When someone you love dies is when you make spiritual concessions. Although you have never been an adherent to any religion, or even given religion, god, the afterlife, heaven or the soul too much thought at all, you find your mind tweaking your previous convictions (or lack thereof). You begin to believe that if the person you valued believed themselves in a wonderful afterlife, then that must be where they have ended up. If you believe in something enough, who is to say that what you stand behind isn’t also true, at least to you? You begin talking to the sky, wishing the clouds good morning and hoping that they are soft under the gentle feet of the one you love.
When someone you love dies is when you realize that you are not immortal. You will age, your time on this planet will fade and one day, you will be gone just like everyone before and everyone after. You are the center of your own universe, but you do not possess that gift of eternal life. You are not the exception, you are the rule. And the rule dictates that no matter how much it hurts, no matter how much you bargain with your own mind, you will never be able to change this fact. The only thing you can do is be the best daughter, wife, mother, sister, son, husband, father, brother, relative or friend you can be. When you show people how much you love them when you’re alive, they will never allow your memory to die.
When someone you love dies is when you discover the depths of your own sorrow. The worst heartache, betrayal, injustice or pain cannot possibly compare to the loss of someone you truly love. When you were dumped by your boyfriend, you thought you knew heartbreak. Now you know that true heartbreak has nothing to do with teenage romance and everything to do with true love. Not romantic love, but true love—the kind that is absolutely irreplaceable and leaves a jagged personalized hole in your heart when it’s gone forever. Nothing and no one could ever fill that shape. That is sorrow. The good news about sorrow, however, is that it’s simply too arduous to maintain forever. It will ease, scar-tissue will fill the hole and your heart will stop leaking eventually.
When someone you love dies is when you can change for the better. You can take those regrets and turn them into change. All those times you wished you had just spoken to her for just a few more minutes, despite 30 years of love and memories, can be transformed into quality time with the ones you love who are still around. All those lost moments when you could have been telling her “I love you so much”, can be turned into “I love you”’s still. “I love you”’s are transferable, bottomless and no one ever tires of receiving them. You can turn your love for someone who is gone into yet more love for those who are still by your side. Don’t let that love dissipate.
When someone you love dies is when you realize how resilient you can be.
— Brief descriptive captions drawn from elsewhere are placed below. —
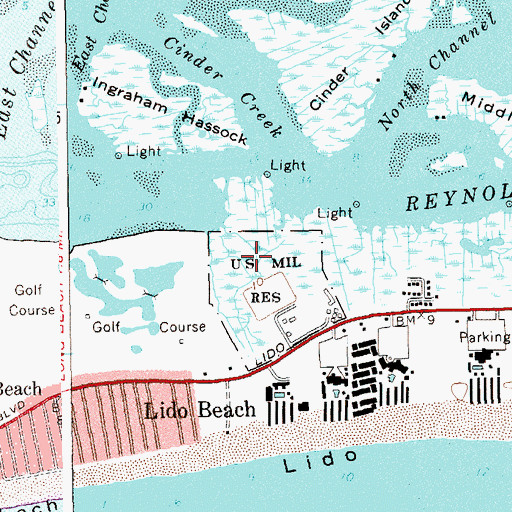 Topographic Map of Lido Beach Wildlife Management Area, NY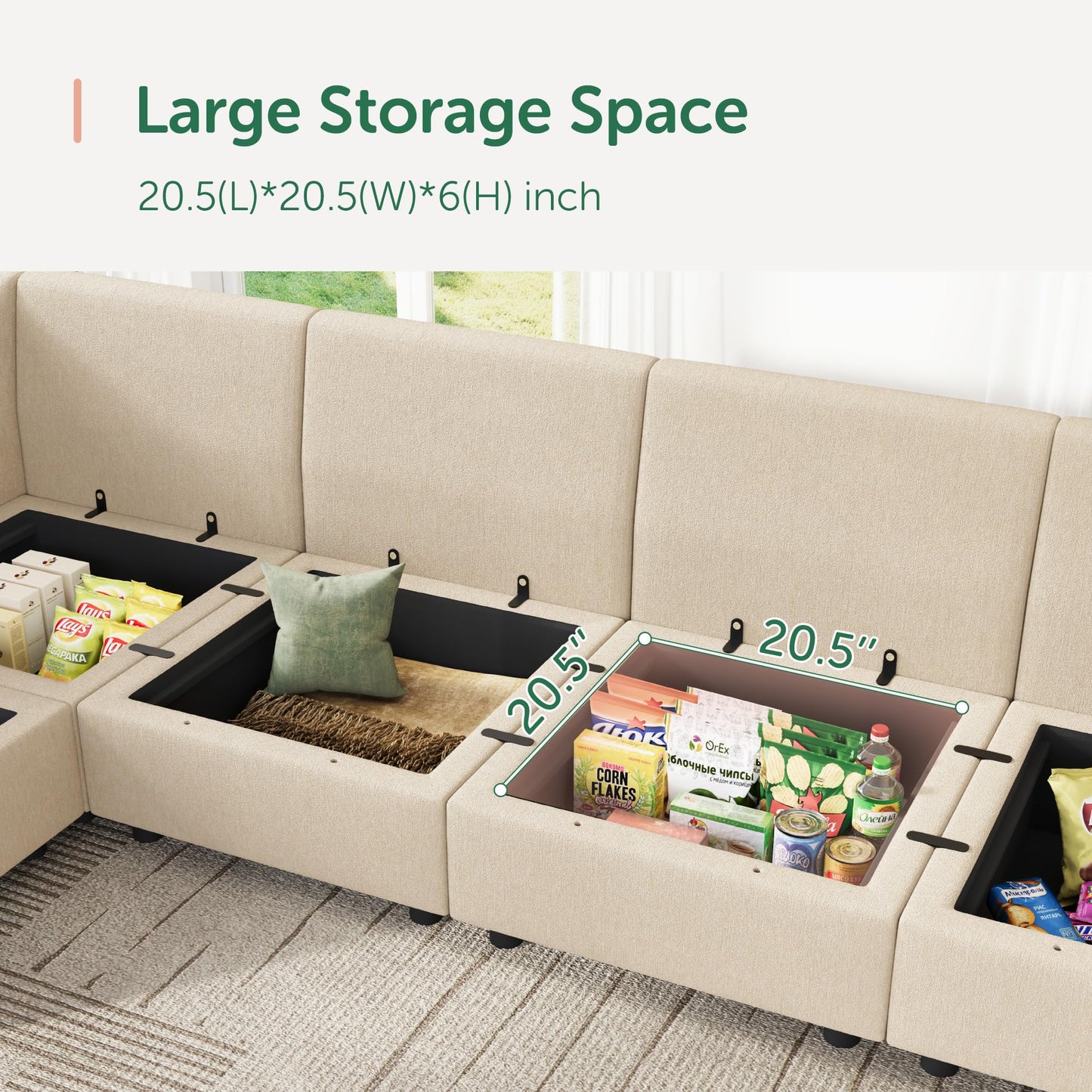 HONBAY Modular Sofa Sectional Sleeper Couch with Storage Modular Couch Convertible Couches for Living Room - Beige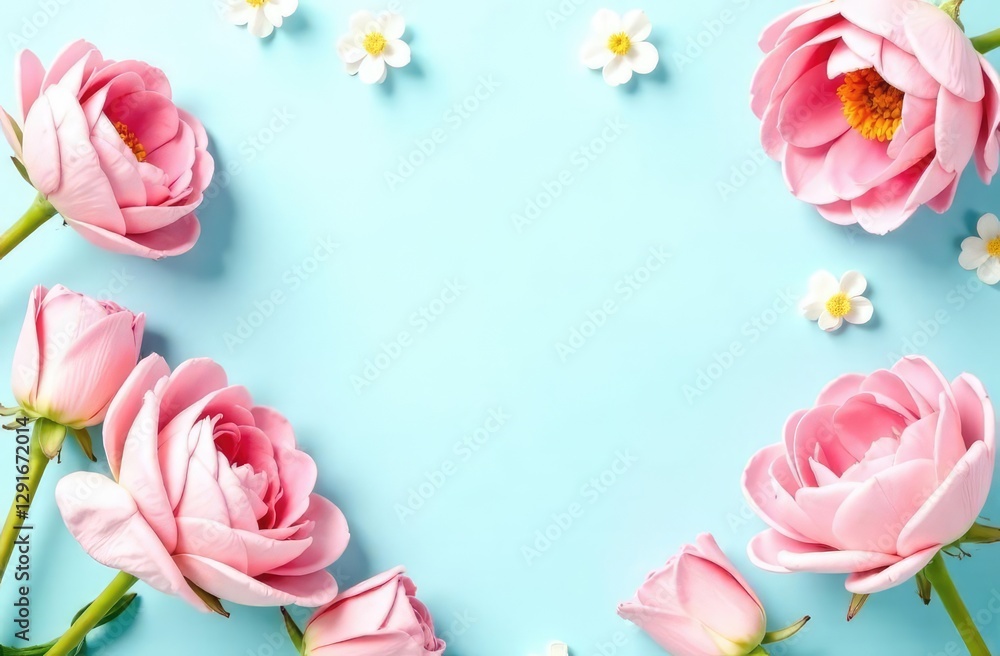 Obraz premium Flat lay composition with beautiful flowers and space for text on light blue background. Floral card design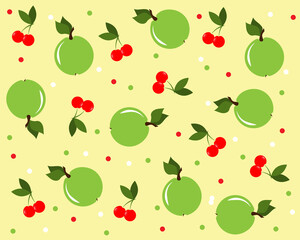pattern with green apples and cherries 
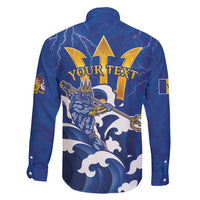 Personalized Barbados Family Matching Off Shoulder Short Dress and Hawaiian Shirt Poseidon Trident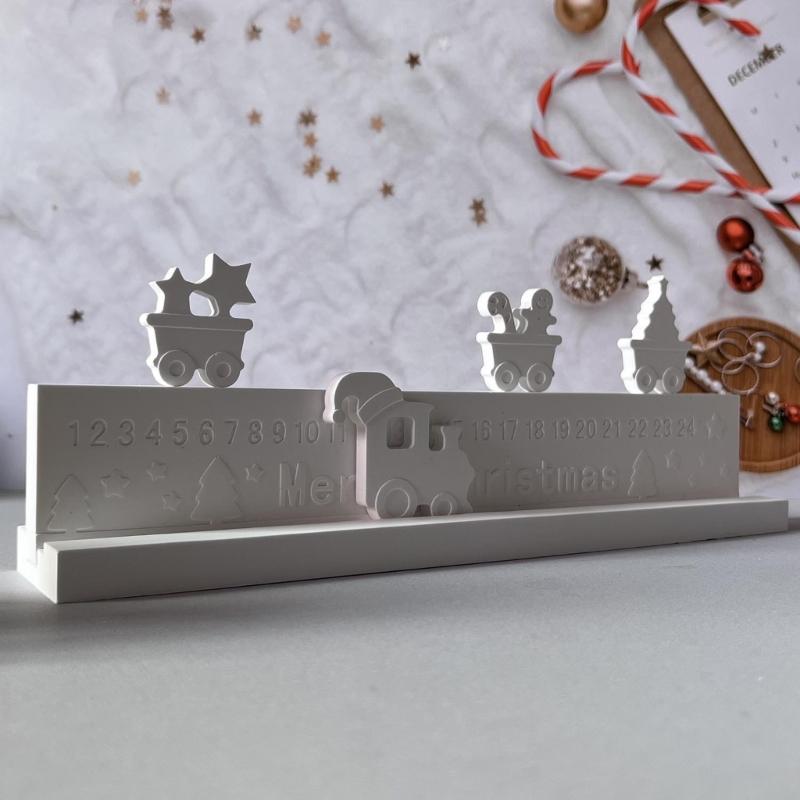 Christmas Countdown Calendar Silicone Mold Food Grade Reusable Baking Crafting Supplies Suitable for Holiday Decorations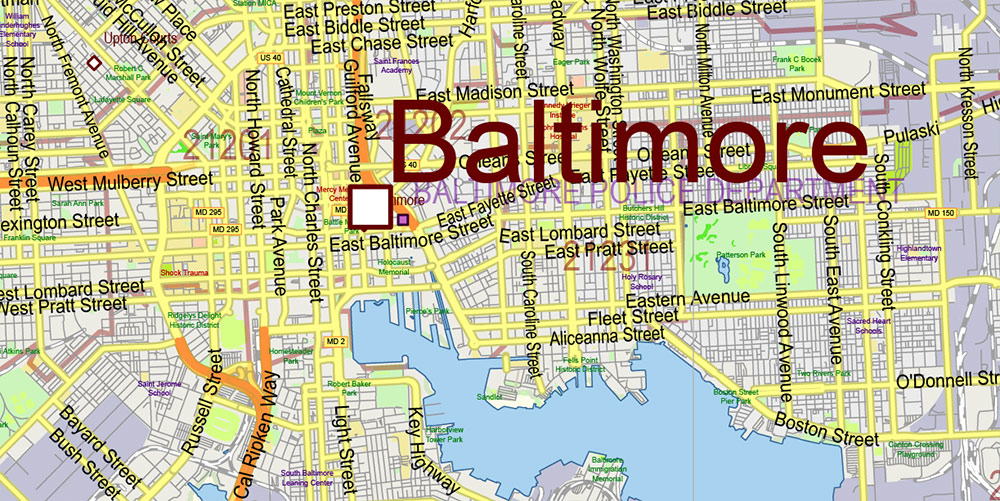 Maryland State US Map Vector Extended Exact High Detailed Street Road Map + Counties + Zipcodes editable Adobe Illustrator in layers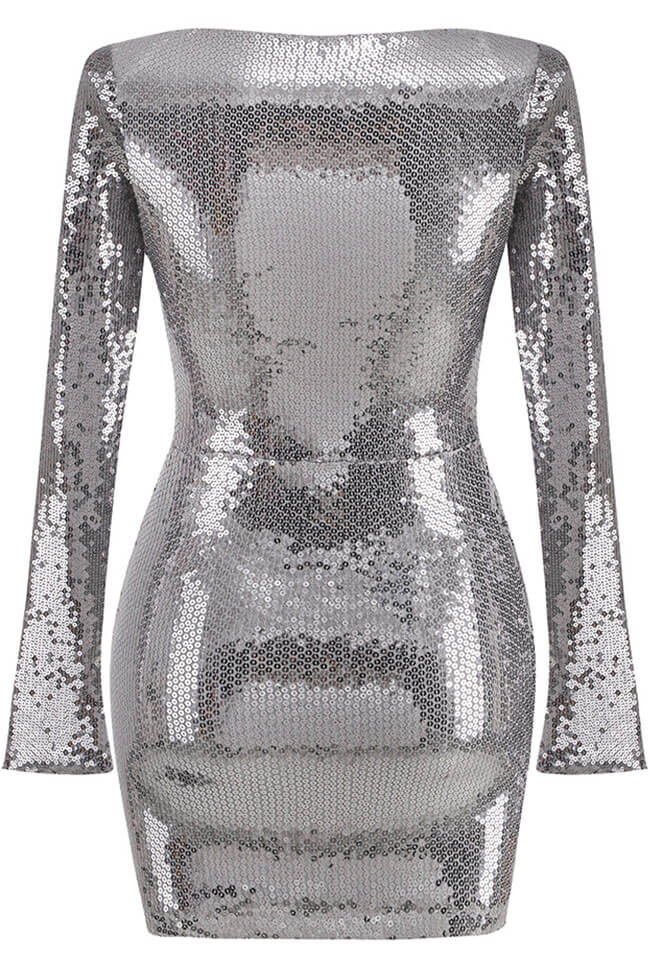 Shimmer Tie Neck Split Sleeve Bodycon Sequin Party Mini Dress - Black Gray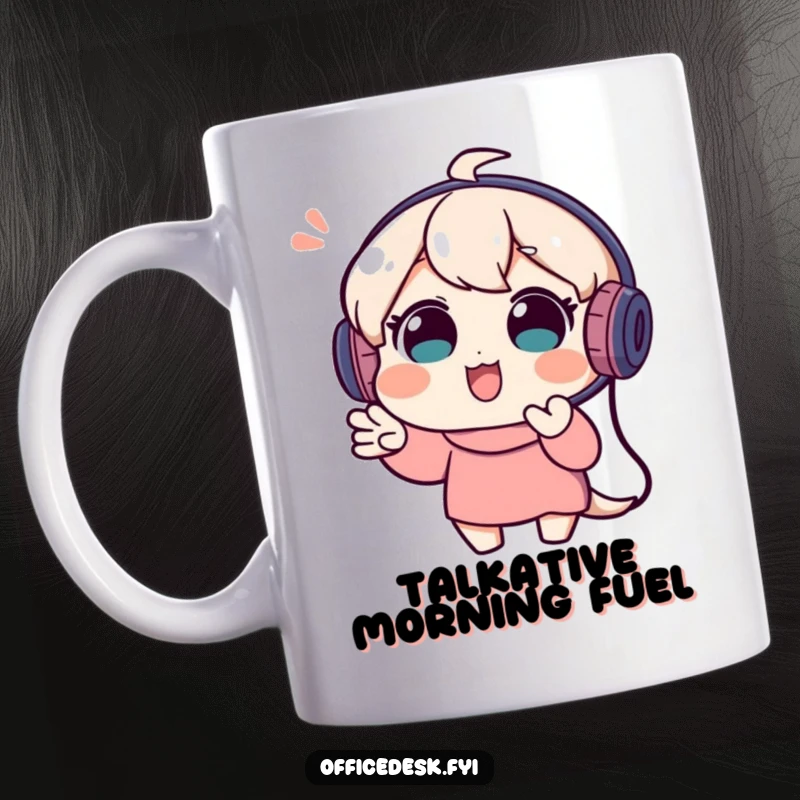 Funny mug featuring a playful character wearing a tiny headset, enthusiastically gesturing during an animated video call.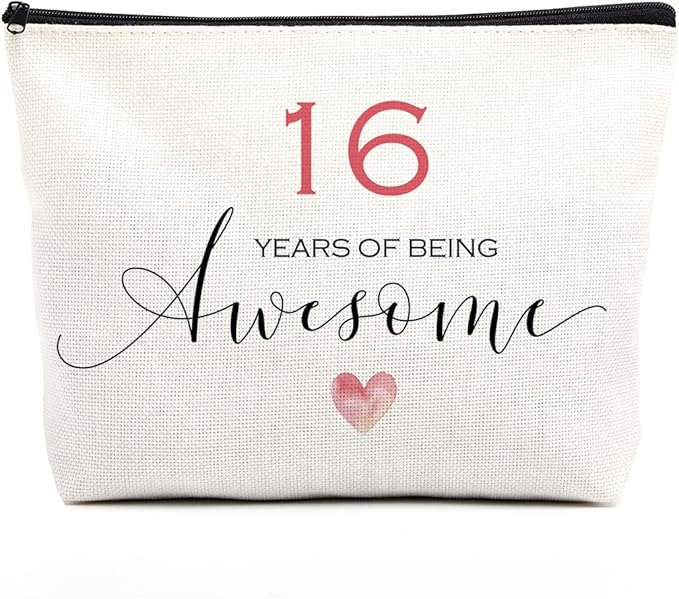 Fkovcdy 16th Birthday Makeup Bag for Girls - Inspirational Sweet 16 Gift for Daughter, Niece - Happy Birthday Decorations - 16 Years of Being Awesome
You feared that you would die yourself of sadness, but look, you’re still here. Someday—maybe not today, tomorrow or even next year—you will be OK again. You will smile genuinely again. You will laugh heartily again. You will love life again. You will feel their love without sorrow. You will honour them without tragedy. Laugh lines will take the place of tears at the corners of your eyes. Your heart will be light again. Which is exactly what they would have wanted.